Pros
In honesty, the Booking IT department has a couple of things in its favor. The job is not demanding, most team leaders are reasonable (and you can put in for a transfer) and the relocation perks to Amsterdam are noteworthy. In other words: Booking.com is an excellent way to immigrate to Europe, and get a foothold in the job market here. For that, it gets the one star.
Cons
The lack of vision in general is easily attributable to the company being unchallenged on its existence for over a decade. In the absence of a vision, everybody is just maintaining the status quo, not coming up with new ideas and not doing anything to improve upon things. Because why would they? This applies to everything. Management is becoming less and less connected to what happens on the floor, and technical reasoning is virtually absent. While the people are generally reasonably skilled, the 80% expat staff composition means that nobody has a safety net to complain... and even if you do say no, some new guy will step up and (naively) say yes.
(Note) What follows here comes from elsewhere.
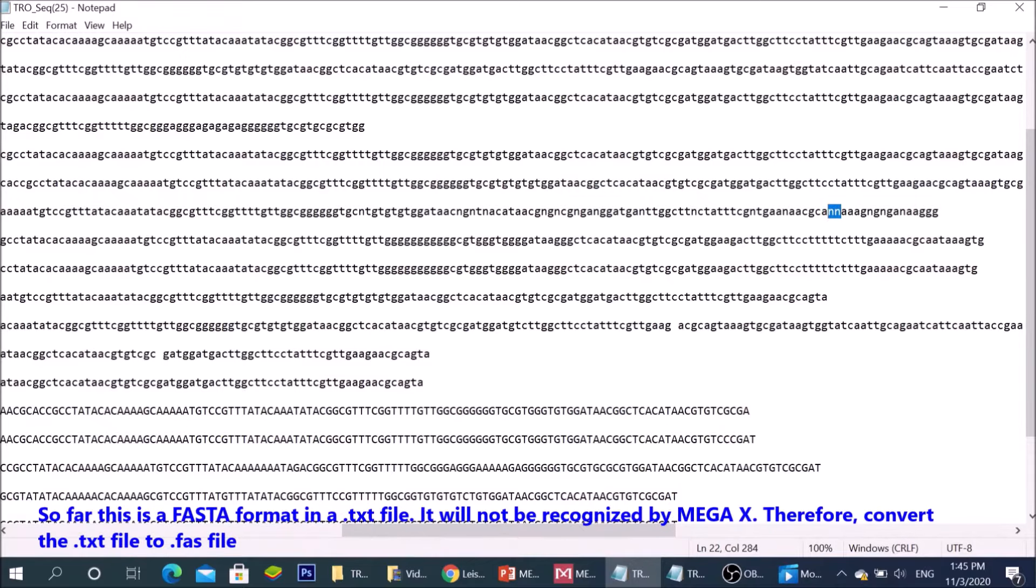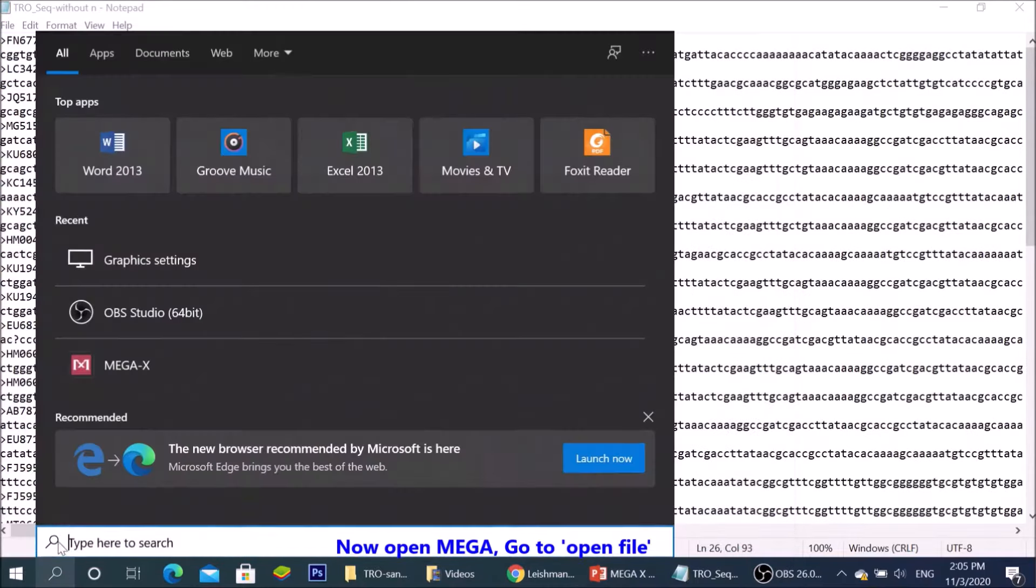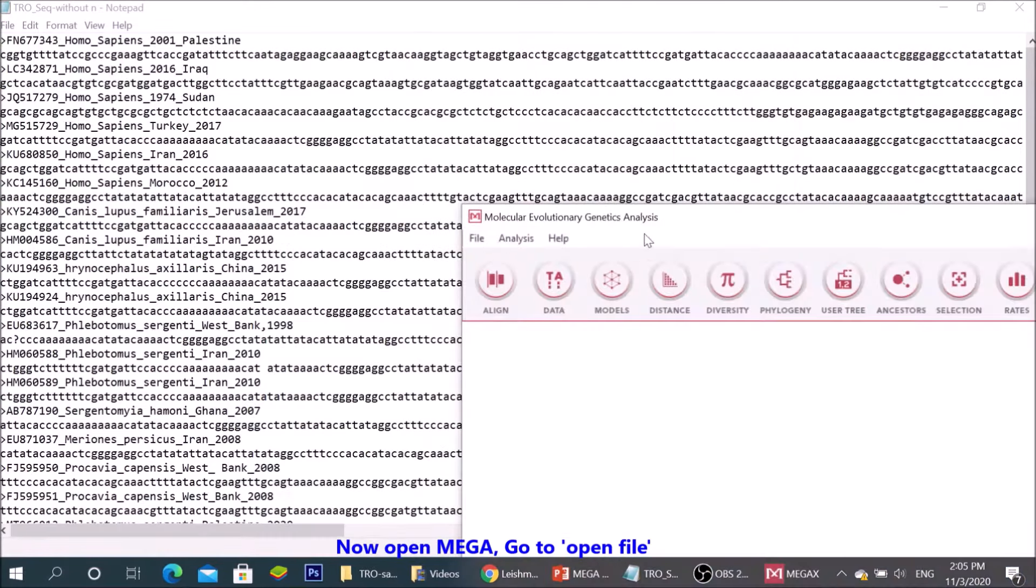So far, this is a FASTA format in a TXT file. It will not be recognized by MEGAX. Therefore, convert the TXT file to FASTA file. Now, open MEGA, go to open file.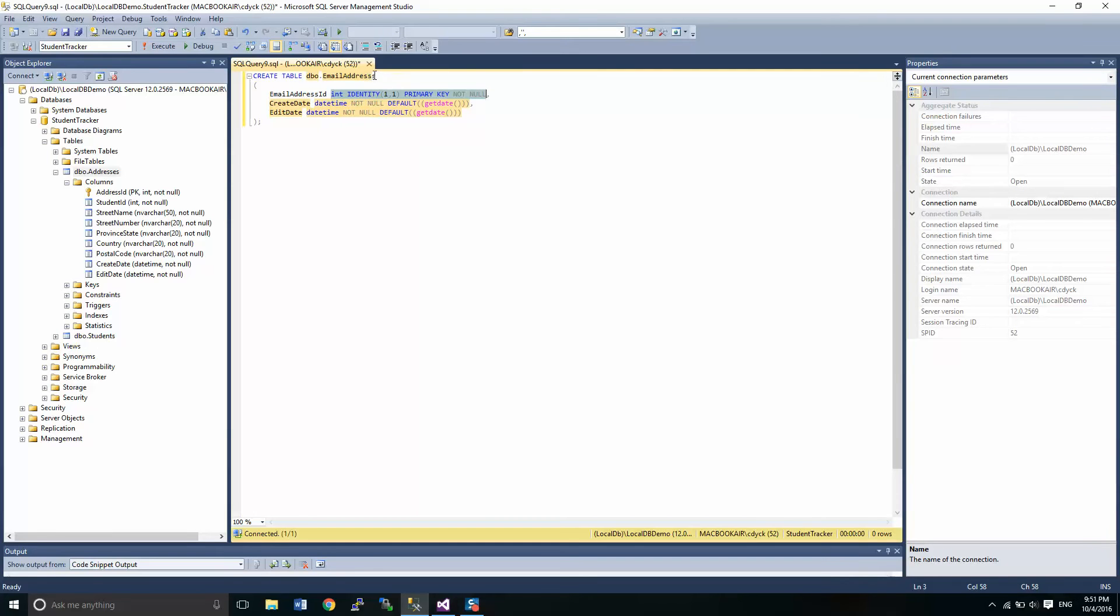So I'm going to just call this email addresses. You'll notice I've got three S's. I'm not going to worry about the ES at the end. Let's put that in. We'll do it.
Voilá, structurally ensured bad decision-making. The CIO is keen on repeating (and you can even see that dogmatism leak into the positive IT reviews here?) that Booking is "not a technology company." Considering that this is from the Chief Information Officer, it's not entirely unfair to conclude that it fails even at being even an Information Technology company -- it only has the offices, perks and explosive growth of one. Underneath the hood, it's looking a bit like a stock market adventure, or a perl hacker's playground, depending on job title. Some people are really caught up in this, and can't discern factoid from fact anymore. Tragicomically, the one thing Booking would benefit most from would be exactly that: being a technology company. Booking is troubled with problems on a daily basis that you wouldn't believe could exist in a space between 750 capable programmers, and still, it refuses to modernize what is, essentially, an engorged LAMP stack tracing back to its company beginnings. For anyone considering applying there, and for that matter for the cleverer heads who haven't jumped ship yet, I have to pose the question of whether you think that Booking is good for your career as an IT professional. Nobody else wants perl. Nobody else wants a shell cowboy. How long will the illusion last?